The good news is that because these individuals have a very high IQ, they can "learn" a lot of the skills they need to get along in society, with a good support system. In my son's case he does most of the things he wants to do, although his class has had several sessions to learn what it means to have him in their class and how they can help him fit in better. And I must say to their credit they do look out for him a lot.

Jim

It sounds like a person with Autistic spectrum problems who never had to adjust or learn to deal with society..Before pushing hubby into conflict, ask him if they had her diagnosed at all? Another thing is she might be totally ok, just a possessive sibling who is stricken by jealousy and who is used to certain behavior that might be beneficial to her for whatever reason..Ask your hubby if she acted like this in front of his exes, too, female friends, male friends, etc. Or, which is hard to believe, I know, the family is bored, so they let the attention hog get away with her shticks since she is keeping them busy. I would probably have your inlaws over for dinners, but her lot less, since she seems to stress you out. Once every 6mo, obligatory thing? I think I would feel a tad uncomfortable having her freak out my child and expose him/her to maladjusted ways. If she is an Aspie, or Autist, there are adult centers that specialize in treatment, it must be uncomfortable for her as well, if she is without any help and therapy, coping strategies..

If your husband's sister is along the Autism/Asperger's spectrum, maybe it would help you and your husband to read more about these conditions in women, especially.

Here's a start

http://blogs.plos.org/neurotribes/20...-an-aspergirl/

Rudy Simone is an American, living in San Francisco - she's written a lot about being an "Aspergirl". The blog post, I think, summarizes some of the differences between men and women.

Many people with these conditions have a lot of anxiety, so it's helpful to deal with that aspect.

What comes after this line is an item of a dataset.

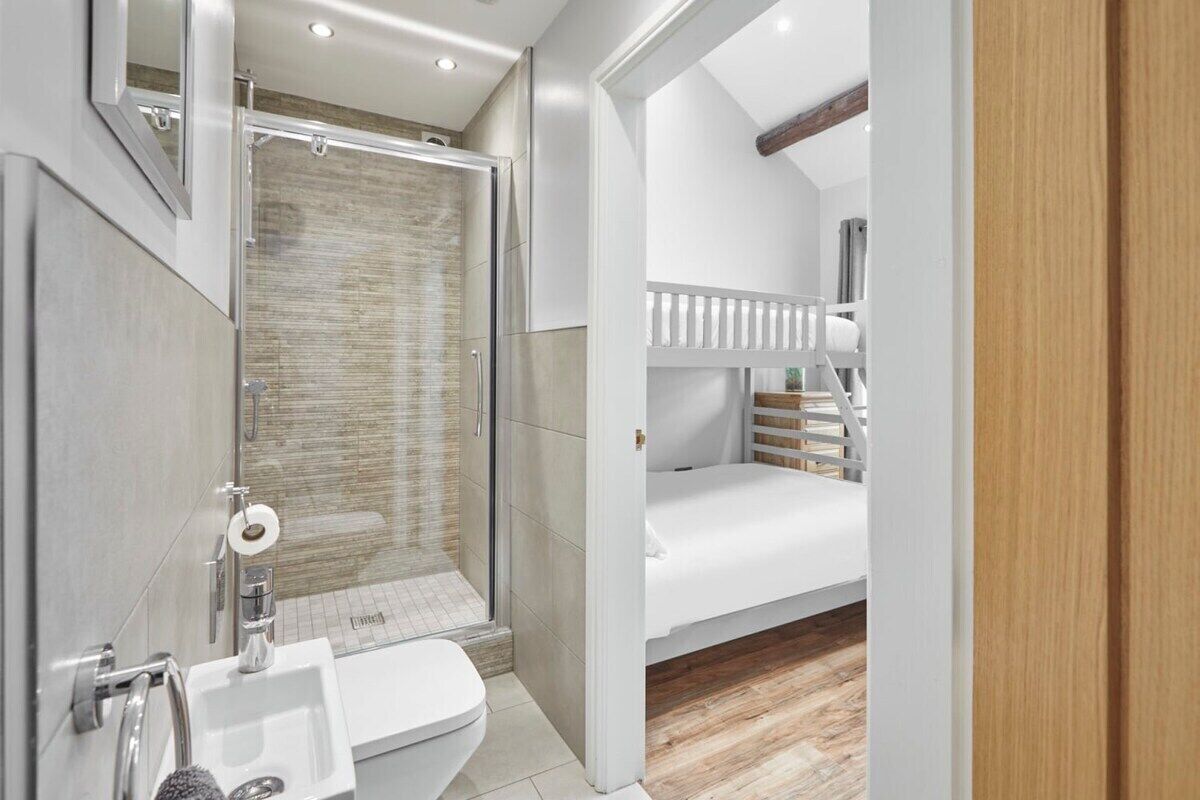 2 habitaciones, escritorio y tabla de planchar con plancha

On the positive side, people with Aspergers/Autism are loyal and generally intelligent, but they may need help to structure proper behaviors. If she's really anxious about social situations, she can forget how to behave or misbehave. And yes, even if she's well into her 30's she may require some structure and reinforcement.

Of course, that may not be the issue at all... it's hard to say on an Internet forum. Good luck! And congratulations.

My nephew was diagnosed with Aspergers just last year, at the age of 28.

He was a very odd, introverted child and teenager and prone to violent outbursts. Now that we know why we all can rally round to make him feel comfortable in certain scenarios.

He now has a job and his own flat and seems to be coping. I am quite proud of him and what he has achieved. I don't know if he takes any medication or not.

Thank you for all the helpful reply. To some of you , I might sound like I hate his sister, but I am really sincere in helping her IF she is really suffering and not just a spoilt brat by her mum.

She does have a low paying job as she is not book smart and somehow the companies she works for always went bankrupt or if they need to lay off workers, she is always one of the 1st to go (always due to the fact she is the newest??)

I will definitely read up on Asperger and find out if she might have a very mild condition.

It will make me more patient towards her if she is really ill, but am I wrong to be distant if I realised that it is really just plain childishness?